Exactly half a century has passed since construction began on the Berlin Wall, a symbolic reminder of Germany’s troubled past.
The 96 mile wall, which completely surrounded West Berlin, stopped East Germans from escaping to the more financially viable West during its 28 year existence.
Between 1949 and 1961, a reported 3.5 million, many of whom were skilled workers, left the Eastern bloc, escaping a strict communist regime enforced by a repressive Communist party under Wilhelm Pieck.
On a map, the threat seemed somewhat trivial. But the reality of metal and concrete walls and watch towers diminished any attempt of crossing the boundary from the Soviet-occupied East to the Allied-occupied West.

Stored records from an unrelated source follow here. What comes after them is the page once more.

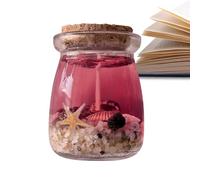 Gel Scented Candles, Seashell Gel Wax Candle, Aromatherapy Home Fragrance, Relaxing Ambience Candle, Air Freshener, Decorative for Living Room, Bedroom
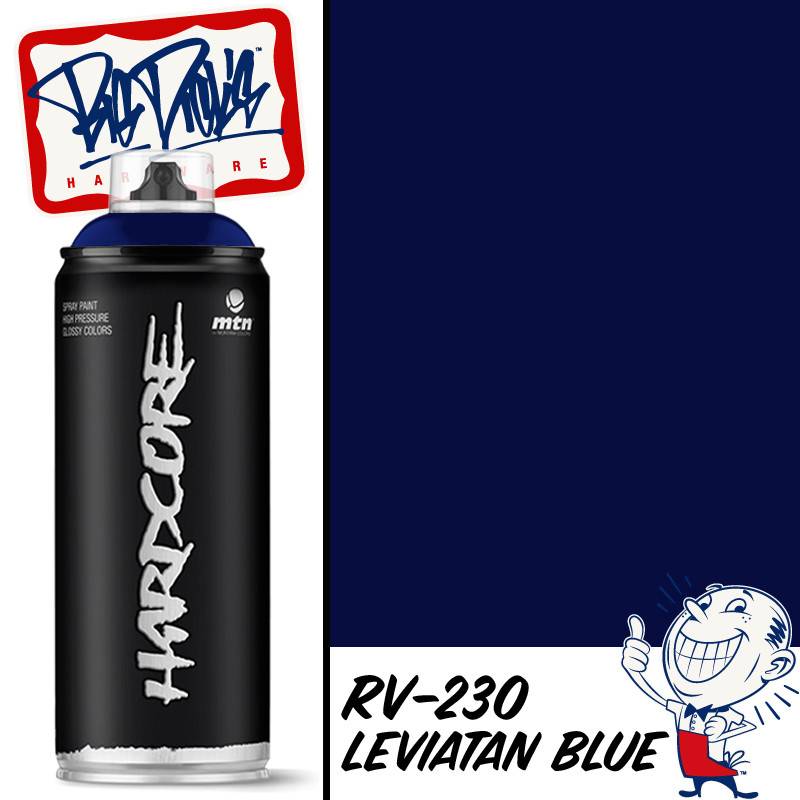 MTN Hardcore 2 Spray Paint - Leviathan Blue RV-230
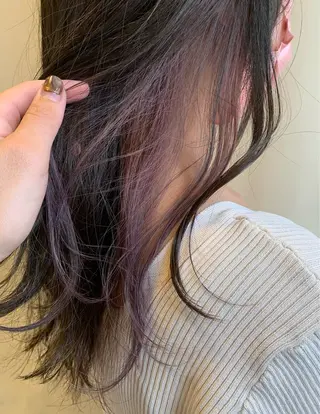 ロング カラー SUNS by TRUNK所属・✄折橋 彩花🐶🍑のヘアスタイル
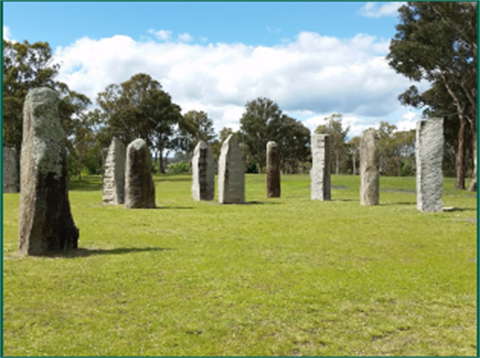 St Yve Day Image of Standing Stones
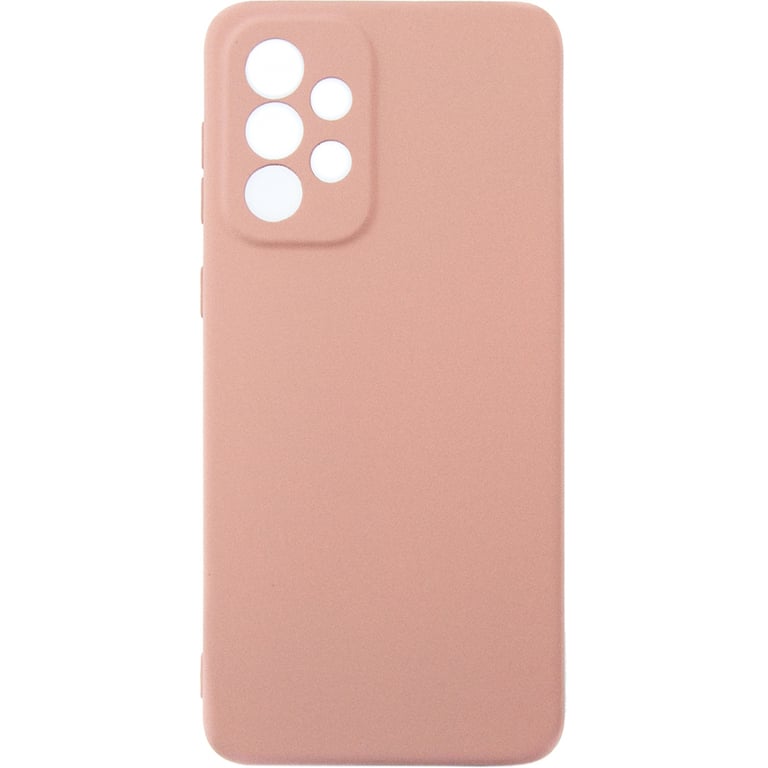 Чохол до мобільного телефона Dengos Soft для Samsung Galaxy A33 (pink) (DG-TPU-SOFT-01) - фото 1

The beginnings of the wall were erected during the night on 13 August 1961. East German troops began to tear apart streets, replacing them with entanglements of barbed wire fencing. Two days later, concrete blocks replaced barbed wire and anti-vehicle trenches were rent into the ground.

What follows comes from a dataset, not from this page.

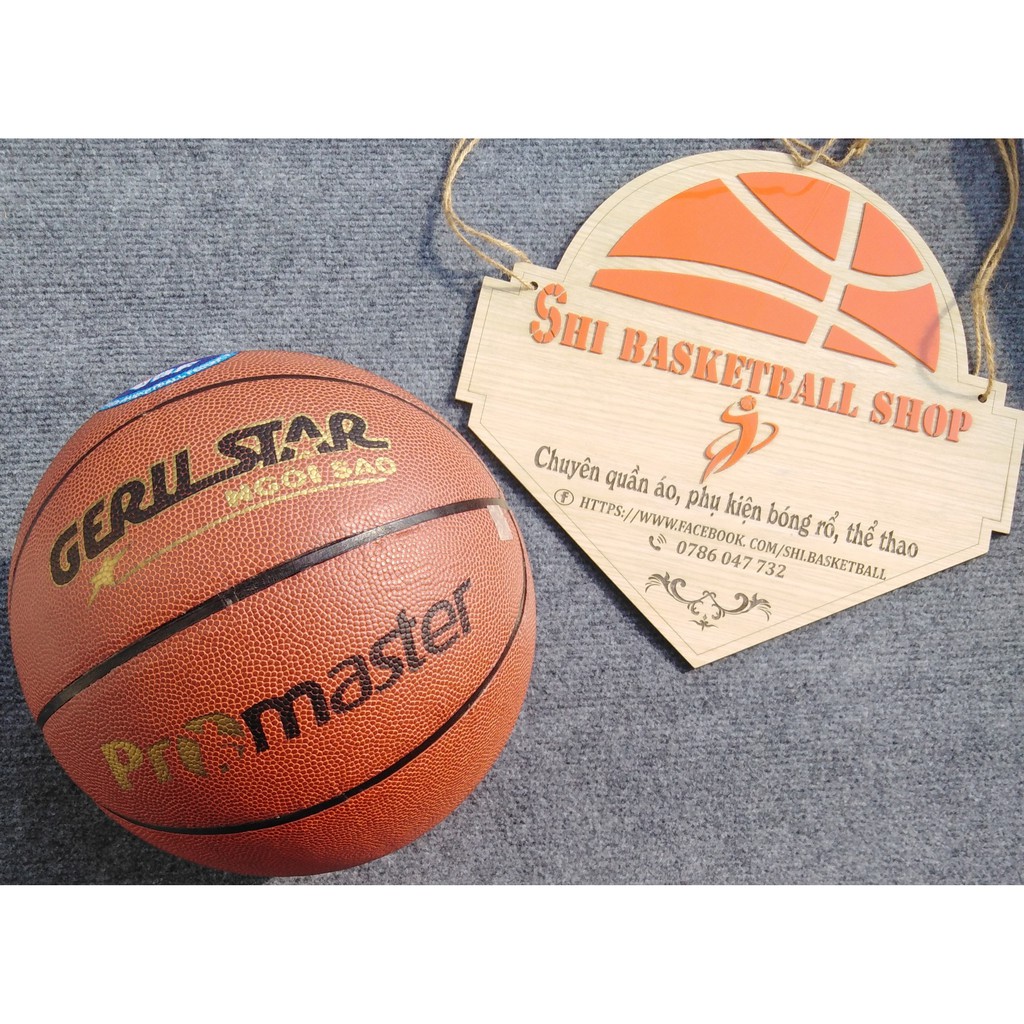 Quả bóng rổ Gerustar Promaster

Protests in West Berlin were to no avail as jobs were lost and families divided. It wasn’t until two years later, in 1963, that Western Berliners were allowed to visit family and friends in the East whom they had been forbidden to see.
Exhibitions have been commissioned in the German capital over the past couple months to remember the Wall and the history of Berlin’s notorious separation. This renewed interest in the monument’s existence is marked by numerous memorials, museums, sights and special tours, available for visitors in Berlin throughout 2011.